Port of Port Angeles commissioners unanimously approved a rental agreement Tuesday with Jack and Terri Harmon’s Arrow Launch Service Inc. to consolidate Arrow’s dispatching, management and administrative operations at the Marine Trades Industrial Park.

The company, which transports passengers and freight to and from vessels in Grays Harbor and the Puget Sound, will occupy the former 439 Marine Drive headquarters for Peninsula Plywood, which dissolved in 2011 under a mountain of debt.

Arrow Launch is part of Port Angeles-based Arrow Marine Group, which includes Arrow Marine Services, a company that transports vessel related items via a private fleet and through truck and air freight lines worldwide.

The move to the industrial park is part of the company’s broad plan to relocate its facilities at the MTIP, John Nutter, the port’s director of property, marinas and airports, said Tuesday.

In giving the 18-acre industrial site a new identity, the tax district completed a $2.14 million wash-down facility in December 2018 to lure companies to the parcel, reaching a milestone Tuesday with the lease agreement with Arrow Launch.

“This is our first official tenant of the Marine Trades Industrial Park,” Nutter told the commissioners.

Jack Harmon was out of town Tuesday and unavailable for comment.

Arrow Launch will lease the offices and a parking area beginning Sunday for $3,436 a month, including 50 cents a square foot for 6,549 square feet of office space.

The term is for 20 years, including a 10-year initial term and two five-year renewals that require mutual consent of the company and the port.

By relocating, Arrow will vacate properties it leases from the port at 937 Boathaven Drive and was leasing from Chuck Faires of Port Angeles Marine Inc. at 830 Boathaven Drive.

The 1,500-square-foot 830 Boathaven Drive structure is a former boatyard building that Arrow Launch has been using for offices but has outgrown, Nutter said.

Nutter said port officials expect to complete a transaction Friday to purchase Faires’ property for $225,000 at $150 a square foot.

The Harmons plan to lease an as-yet unbuilt vessel maintenance structure next to the new offices as Phase 2 of their relocation to the Marine Drive site, according to the staff report, authored by Nutter and Real Estate Administrator Susan Scott.

Arrow plans to vacate a similar-size, 5,000-square-foot building the company leases from the port at 914 Marine Drive to make the move.

Nutter said he and Jack Harmon are already working on the building design.

Nutter said he expects the three port buildings once occupied by Arrow Launch will be leased fairly easily.

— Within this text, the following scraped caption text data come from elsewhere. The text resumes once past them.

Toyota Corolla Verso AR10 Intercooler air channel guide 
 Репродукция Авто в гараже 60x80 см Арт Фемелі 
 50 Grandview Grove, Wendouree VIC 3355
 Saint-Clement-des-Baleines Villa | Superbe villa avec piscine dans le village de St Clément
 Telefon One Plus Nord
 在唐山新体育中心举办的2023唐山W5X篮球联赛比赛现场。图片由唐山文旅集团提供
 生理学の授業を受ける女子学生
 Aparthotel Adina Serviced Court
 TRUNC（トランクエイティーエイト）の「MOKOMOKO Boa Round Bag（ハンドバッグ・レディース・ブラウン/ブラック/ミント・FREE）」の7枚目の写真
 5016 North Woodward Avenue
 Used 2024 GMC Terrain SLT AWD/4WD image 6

The boatyard building has roll-up doors that make it easy to move large pieces of equipment.

“Tenants in the boatyard are already approaching me saying that we have an interest in using that building,” Nutter said.

“People want to be able to work on their boat indoors whether they are doing painting or sanding, regardless of the activity.

“Having the additional space helps the boatyard and creates additional revenue for the port.”

Port commission President Steven Burke lauded the agreement for keeping the port flexible with the remaining layout for the industrial park.

“Every tenant will have different needs,” Burke said after the meeting.

Burke waved his hand toward the port terminal.

“Right now, the log ship you see out there, that’s the last one for a while,” he said.

Nutter had said in an earlier interview that the decrease is due to a downtown in the logging industry.

“That’s the whole reason we’re doing this maritime industrial area is to create a line of business and an economic driver that’s not dependent on [the] natural resources of timber,” Burke said.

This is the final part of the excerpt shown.